Maryland

As some of you know, I’m joining MGoBlog to provide various types of basketball coverage, now that we’re a #basketballschool and all that. A brief introduction: I’m an Honors LSA Senior majoring in English (hopefully with a creative writing sub-concentration), I grew up making weekly pilgrimages from the Grand Rapids area to Ann Arbor on Fall Saturdays with my parents—both of whom graduated from the B School before Ross slapped his name on it—and younger brother—an Honors LSA sophomore (who is also named Brian Cook). I am not related to the proprietor of this site, as far as he and I know. We were a football family, but I fell in love with Michigan Hoops in 2009-2010 with Manny, Peedi, Coach B, and the gang. I’ve learned to love the NBA recently as well, but regret that I missed the glory years of my Detroit Pistons. I’m a Lions masochist, I complain about the Tigers’ managing and bullpen all summer, and I recently committed to Everton as my new EPL team (because Tim Howard’s a national hero). It’s a little up in the air as of right now, but Ace and I will sort out who covers what during hoops season.
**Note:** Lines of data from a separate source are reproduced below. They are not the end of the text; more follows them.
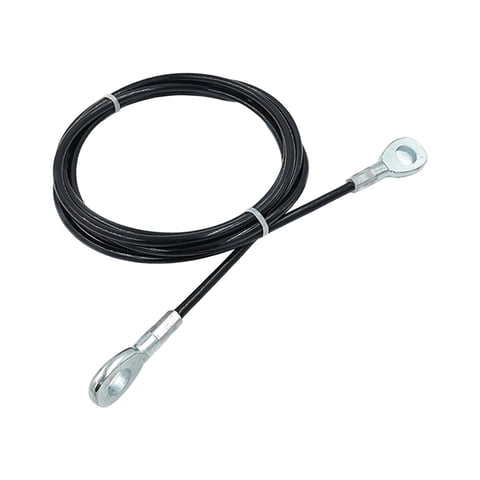 Ioensy - Cable De Gimnasio En Casa, Accesorio De Fijación Multiusos De 5Mm, Cable De Extensión De Fitness De 3,5M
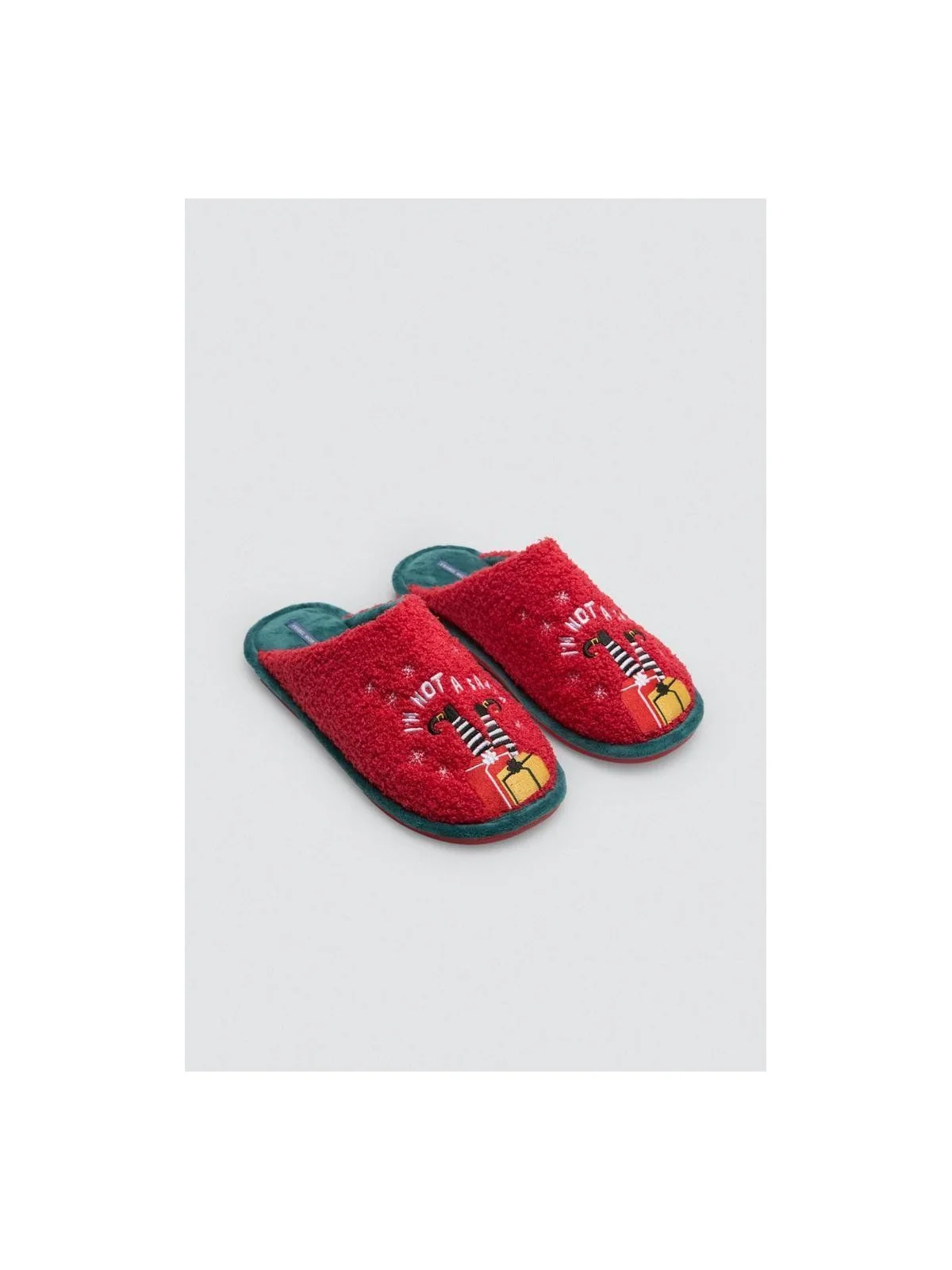 Zapatillas Casa Hombre Ysabel Mora - Navidad|El Cajón de Noe
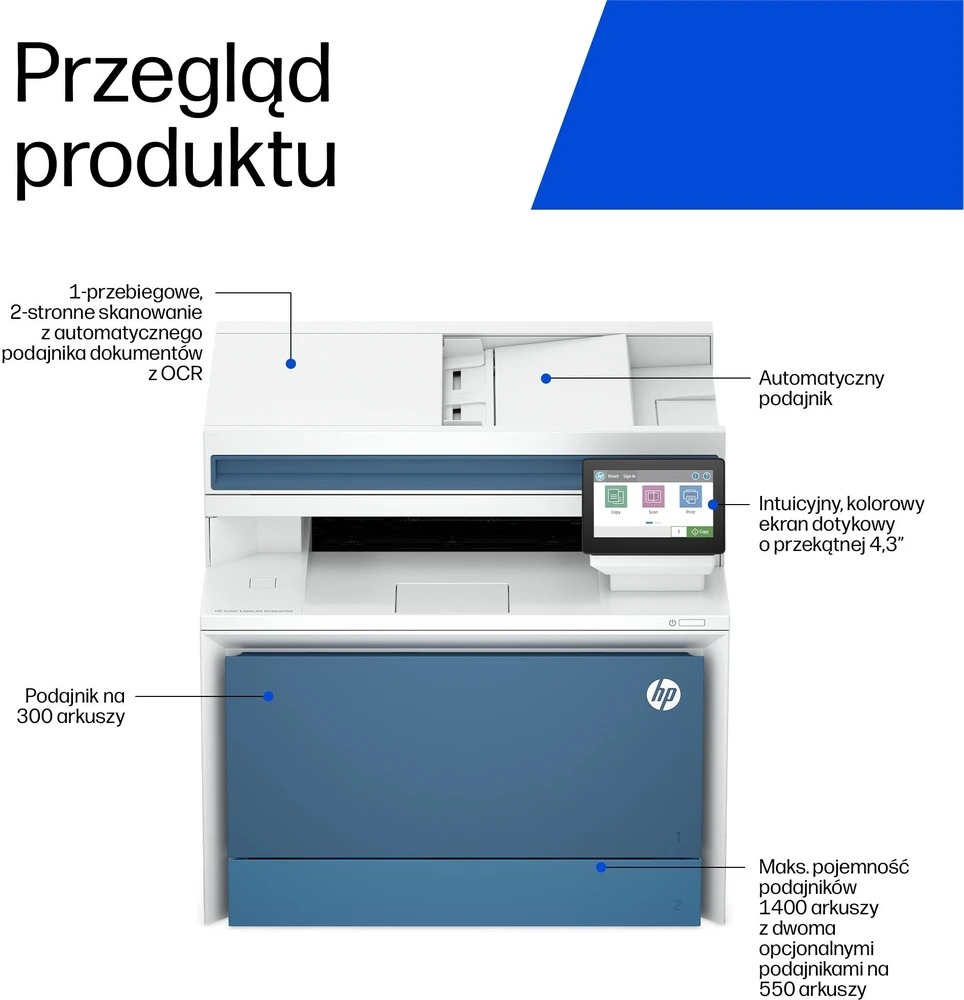 Spausdintuvas Hewlett Packard (HP) Daugiafunkcinis įrenginys clj ent mfp 4801fw 67q06a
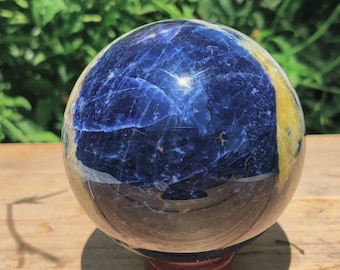 Sodalite Crystal Ball Sphere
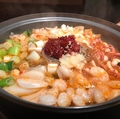 料理メニュー写真 話題の釜山発祥海鮮鍋　ナッコプセ　1人前
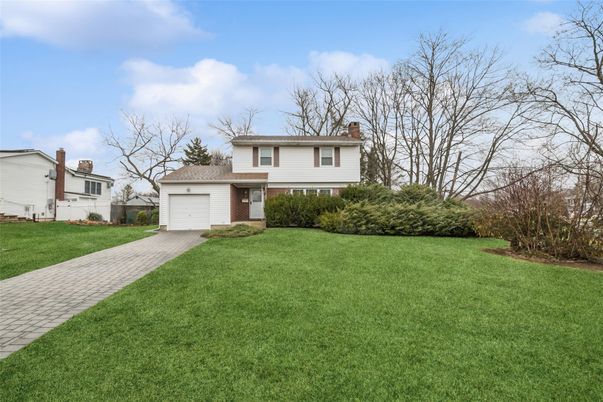 Attached, Backyard, Exterior, Facade, Raised Ranch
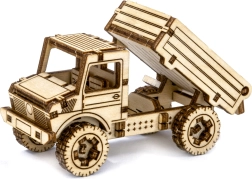Puidust 3D pusle WOODEN CITY Superfast veok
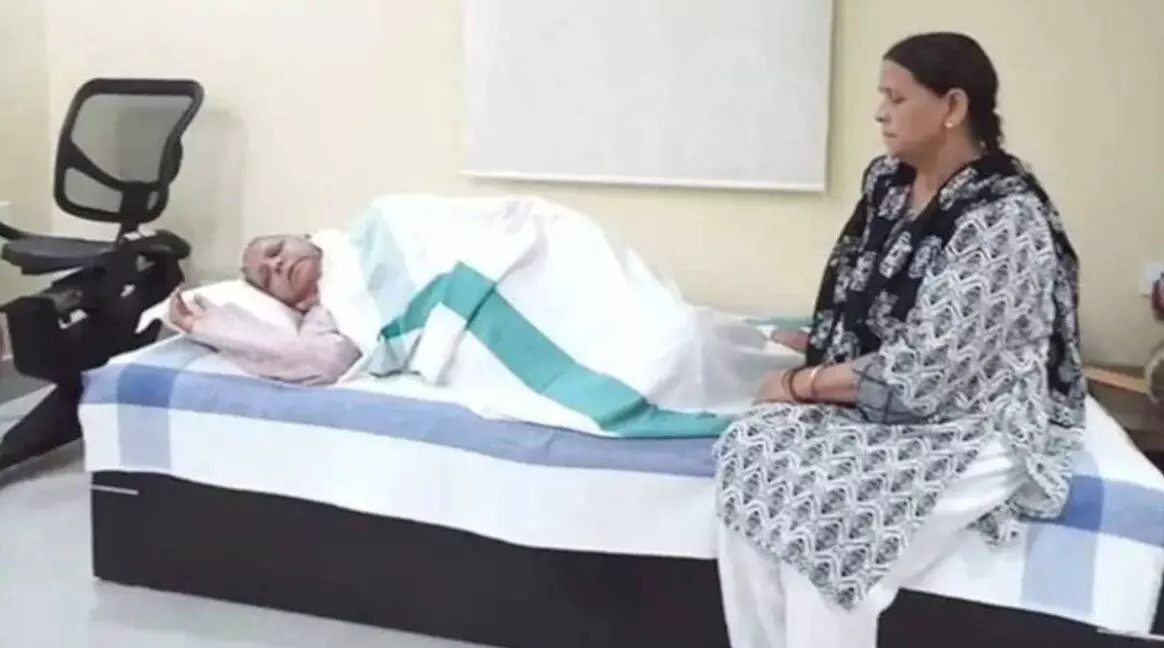 Lalu Prasad Yadav Health Update: लालू की हालत गंभीर, दिल्ली AIIMS में चल रहा न्यूमोनिया का इलाज
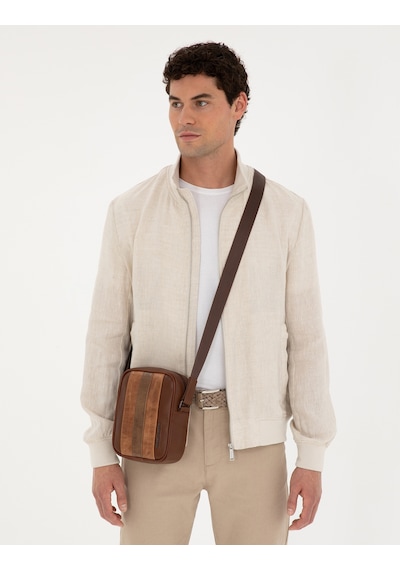 Pierre Cardin Erkek Taba Çanta 50288588-vr099 Taba
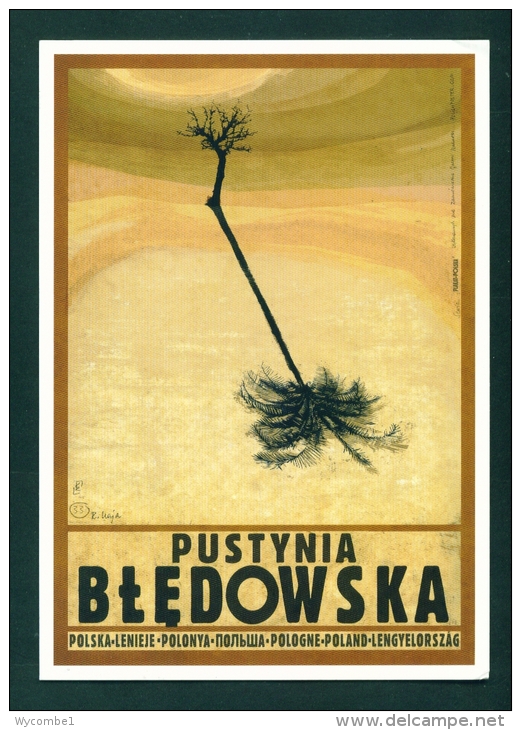 POLAND  -  Pustynia Bledowska  Ryszard Kaja  Used As Scans - Paintings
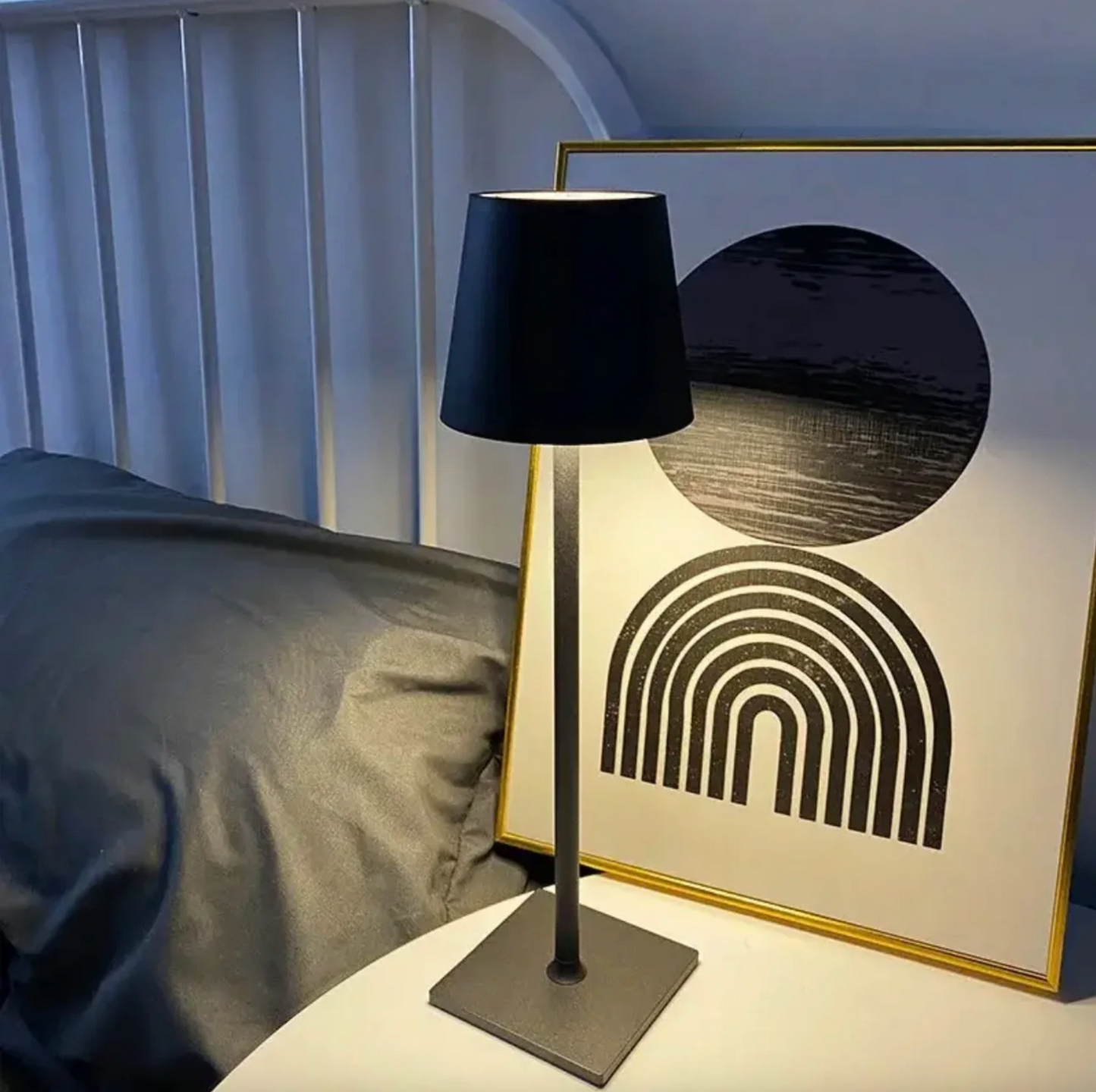 Draadloze Tafel lamp met Modern Design
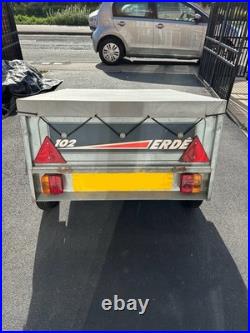 ERDE 102 Trailer With Accessories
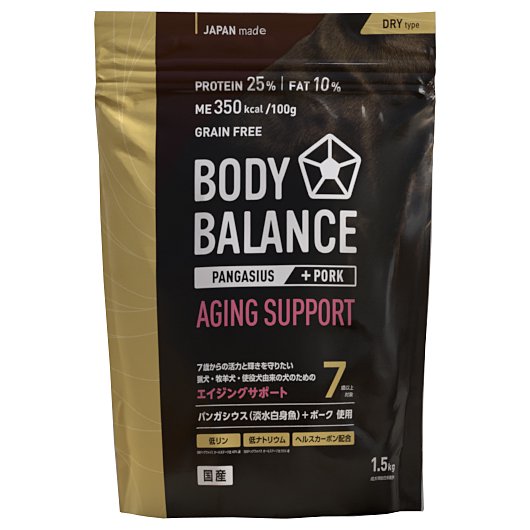 ドッグフード　ボディバランス　エイジングサポート　７歳以上　１．５ｋｇ　犬　フード　ＣＲＣ45―05―99―00―00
As for non-sports things: I’m a proud native Michigander and spend my summers living on Barlow Lake—Heaven on Earth, as far as I’m considered—I run as quickly as Terrance Taylor and am addicted to Bruegger’s on North U (these things may be related), and if anybody wants to hire me to a full-time job after school, PLEASE DO. If you see me on campus, say hi. I’ll be the tall, skinny-fat guy with curly black hair and light blue headphones.

Follow me on Twitter ( @alexcook616 )

1415 preseason all b1g

(Freshmen and incoming transfers are not included. They’re very difficult to accurately contextualize with returning players and they’ll be covered next week.)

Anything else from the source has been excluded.